I'm concerned about pricing.

I don't know if I'm being screwed or DWV PVC is really going this high

Look the 3" 90's and the 45's in particular.

I downloaded the attached Nibco File and changed the colums around a bit. Then I took the new 1-3-2011 list prices and divided them into what I was charged for 6 or 7 fitt's at Fergy's just yesterday. Presumbly they are already on the new lists. My answer came up as a multipling factor of .339 from published list. I trust everbody understands Excel and the way it works with rows and colums. Nibco has these lists for all products.

Go to Nibco.com click on pricing lists sign up and they will send you an email when they change ... usually about a week before. 

Just passing on a good tool. PS I checked Homey the fitt's are about a buck cheaper, but I assume that Homey has not upgraded yet.


----------



## plbgbiz (Aug 27, 2010)

my cost at Ferguson's on 3" fittings:

wye - $5.62
90 deg - $2.99
45 deg - $2.67

These are a little lower than the net in your spreadsheet. Maybe your supplier is not giving you the discount he should or maybe he is not getting a good price from Nibco. Ours are from Charlotte.

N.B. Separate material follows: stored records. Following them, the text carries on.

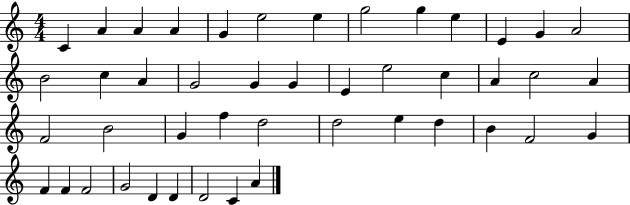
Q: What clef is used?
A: treble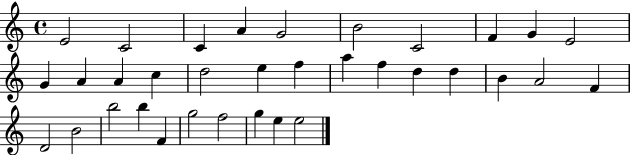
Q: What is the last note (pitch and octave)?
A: E5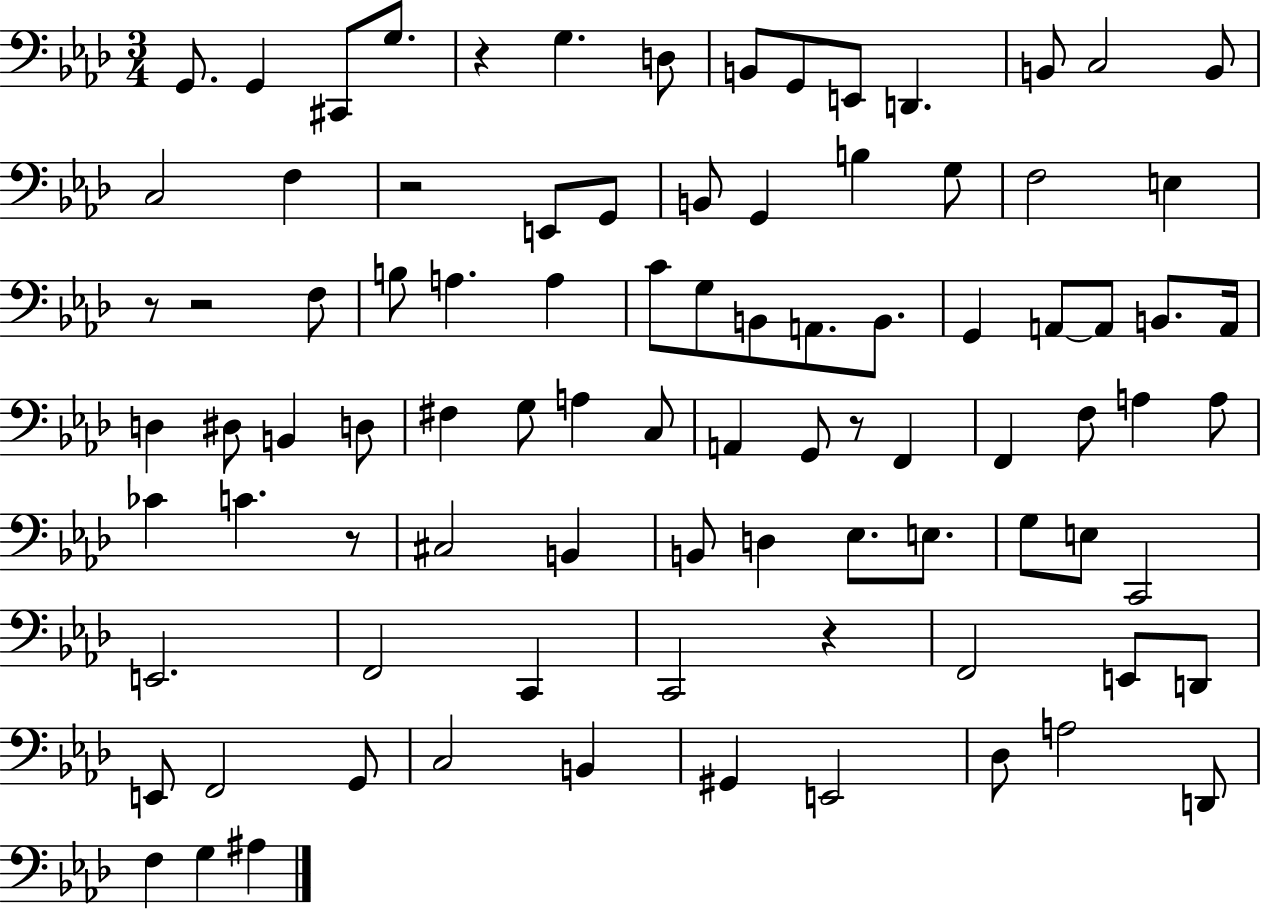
{
  \clef bass
  \numericTimeSignature
  \time 3/4
  \key aes \major
  g,8. g,4 cis,8 g8. | r4 g4. d8 | b,8 g,8 e,8 d,4. | b,8 c2 b,8 | \break c2 f4 | r2 e,8 g,8 | b,8 g,4 b4 g8 | f2 e4 | \break r8 r2 f8 | b8 a4. a4 | c'8 g8 b,8 a,8. b,8. | g,4 a,8~~ a,8 b,8. a,16 | \break d4 dis8 b,4 d8 | fis4 g8 a4 c8 | a,4 g,8 r8 f,4 | f,4 f8 a4 a8 | \break ces'4 c'4. r8 | cis2 b,4 | b,8 d4 ees8. e8. | g8 e8 c,2 | \break e,2. | f,2 c,4 | c,2 r4 | f,2 e,8 d,8 | \break e,8 f,2 g,8 | c2 b,4 | gis,4 e,2 | des8 a2 d,8 | \break f4 g4 ais4 | \bar "|."
}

Or maybe Ferguson has not updated their prices yet but I doubt. They stay on top that sort of thing.


----------



## ILPlumber (Jun 17, 2008)

3"

1/4 bend - $2.71
1/8 bend - $2.42
Wye - $5.20

Prices are crazy right now. My steel went up 28% last week and copper went up 9%.

PVC has been fairly steady.

I'm not sure what the box stores get for this stuff.

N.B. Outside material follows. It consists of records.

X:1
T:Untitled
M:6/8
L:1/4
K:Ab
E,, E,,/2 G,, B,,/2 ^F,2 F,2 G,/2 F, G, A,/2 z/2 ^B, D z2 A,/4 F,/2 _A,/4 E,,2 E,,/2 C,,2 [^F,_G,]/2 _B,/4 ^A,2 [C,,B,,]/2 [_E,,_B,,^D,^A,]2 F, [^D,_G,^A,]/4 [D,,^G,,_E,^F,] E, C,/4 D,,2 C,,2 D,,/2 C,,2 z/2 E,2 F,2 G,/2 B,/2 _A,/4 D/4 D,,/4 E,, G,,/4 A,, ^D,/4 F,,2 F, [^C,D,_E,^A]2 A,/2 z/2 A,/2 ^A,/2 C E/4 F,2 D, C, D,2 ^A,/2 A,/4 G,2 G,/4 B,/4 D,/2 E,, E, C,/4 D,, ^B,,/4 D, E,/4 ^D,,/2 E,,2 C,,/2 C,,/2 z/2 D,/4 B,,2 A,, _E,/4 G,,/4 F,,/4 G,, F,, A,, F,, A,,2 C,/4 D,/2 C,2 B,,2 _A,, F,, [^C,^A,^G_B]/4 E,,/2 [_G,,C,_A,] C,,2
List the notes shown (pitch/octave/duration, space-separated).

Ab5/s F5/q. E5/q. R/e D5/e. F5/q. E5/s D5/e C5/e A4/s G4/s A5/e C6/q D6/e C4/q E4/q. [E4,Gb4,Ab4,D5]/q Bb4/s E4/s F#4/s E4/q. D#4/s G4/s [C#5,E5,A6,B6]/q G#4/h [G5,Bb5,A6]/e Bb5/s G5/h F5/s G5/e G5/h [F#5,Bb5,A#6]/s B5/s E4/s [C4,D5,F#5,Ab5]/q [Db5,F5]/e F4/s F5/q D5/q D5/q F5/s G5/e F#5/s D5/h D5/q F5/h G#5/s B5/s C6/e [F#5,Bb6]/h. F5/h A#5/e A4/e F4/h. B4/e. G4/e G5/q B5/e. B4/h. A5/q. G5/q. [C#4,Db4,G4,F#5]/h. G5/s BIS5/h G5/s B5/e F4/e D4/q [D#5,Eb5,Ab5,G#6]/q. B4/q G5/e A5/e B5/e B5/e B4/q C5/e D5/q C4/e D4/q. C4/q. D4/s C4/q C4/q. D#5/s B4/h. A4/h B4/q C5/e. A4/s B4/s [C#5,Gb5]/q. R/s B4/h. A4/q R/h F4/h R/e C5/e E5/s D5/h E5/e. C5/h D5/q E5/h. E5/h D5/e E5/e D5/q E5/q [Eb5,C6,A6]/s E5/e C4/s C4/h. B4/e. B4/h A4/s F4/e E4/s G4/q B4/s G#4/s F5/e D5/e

I have given Fergy multiple shots on jobs. They never come close to the pricing I recieve.


----------



## plbgbiz (Aug 27, 2010)

Could be a regional thing too. Maybe different price points depending on the area of the country you're in.


----------



## Proud Plumber (Sep 15, 2008)

Copper is going to continue to skyrocket. As gold goes up other metals follow. PVC has absolutely no reason to up but seems to be climbing just as aggressive as the rest. I did a quote for some heater repair work in a hotel. The dozen copper fittings I quoted and 10' 1 1/2 copper came to three bills in materials alone. The owner (Mr Patel) was extremely disappointed when he learned the numbers.

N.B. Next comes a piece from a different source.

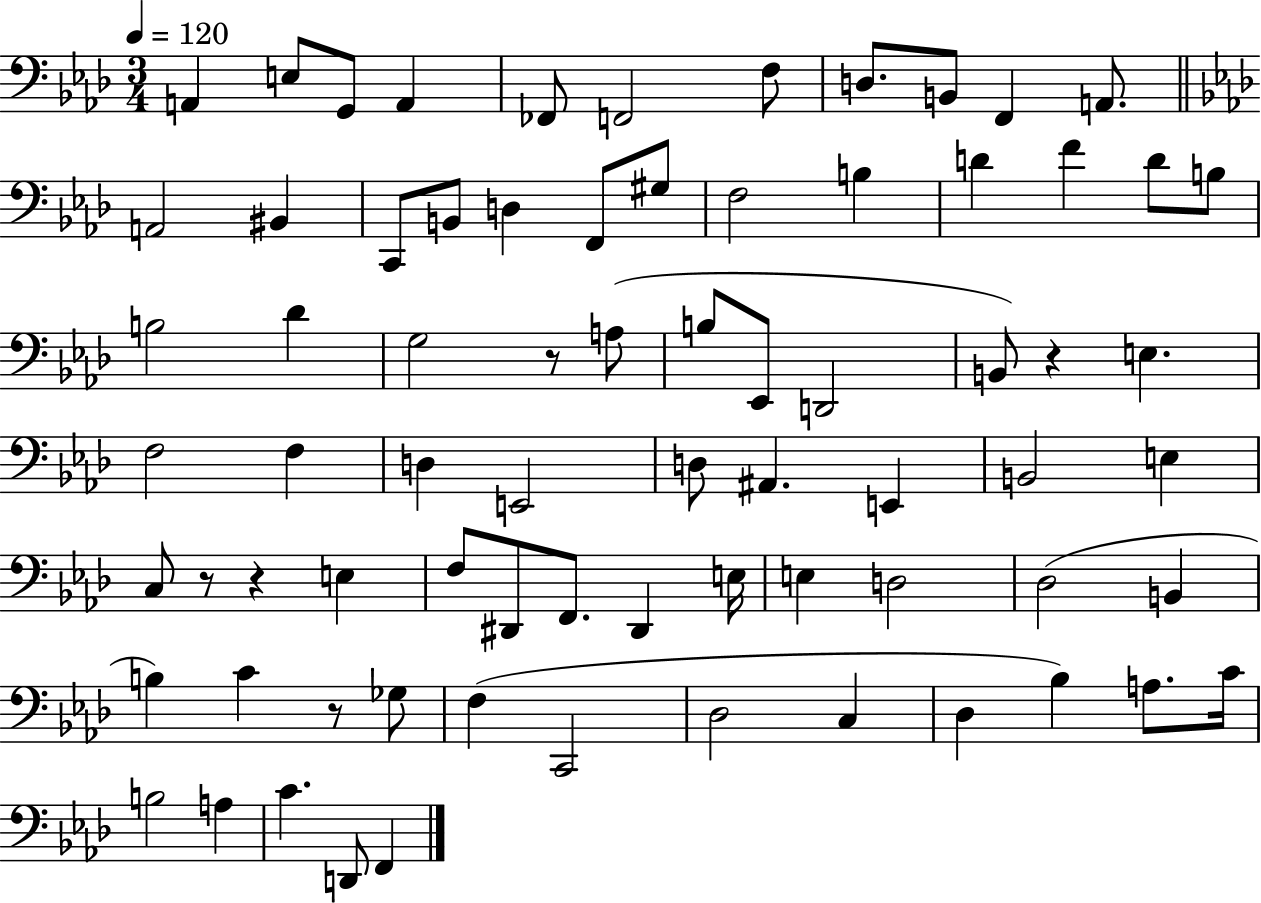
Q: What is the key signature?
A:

I wish this gold bubble would burst already.


----------



## Tommy plumber (Feb 19, 2010)

This is exactly why I don't shop at Ferguson's anymore. Being corporate owned, they are too aggressive with prices. I use a local plumbing supply house.


----------



## Plumbus (Aug 4, 2008)

Manufacturer's list prices changed on January 3rd. Prices jumped 25% across the board.
http://www.charlottepipe.com/Default.aspx?Page=ABSPVCDWVListPrices&type=ABSPVCDWV


----------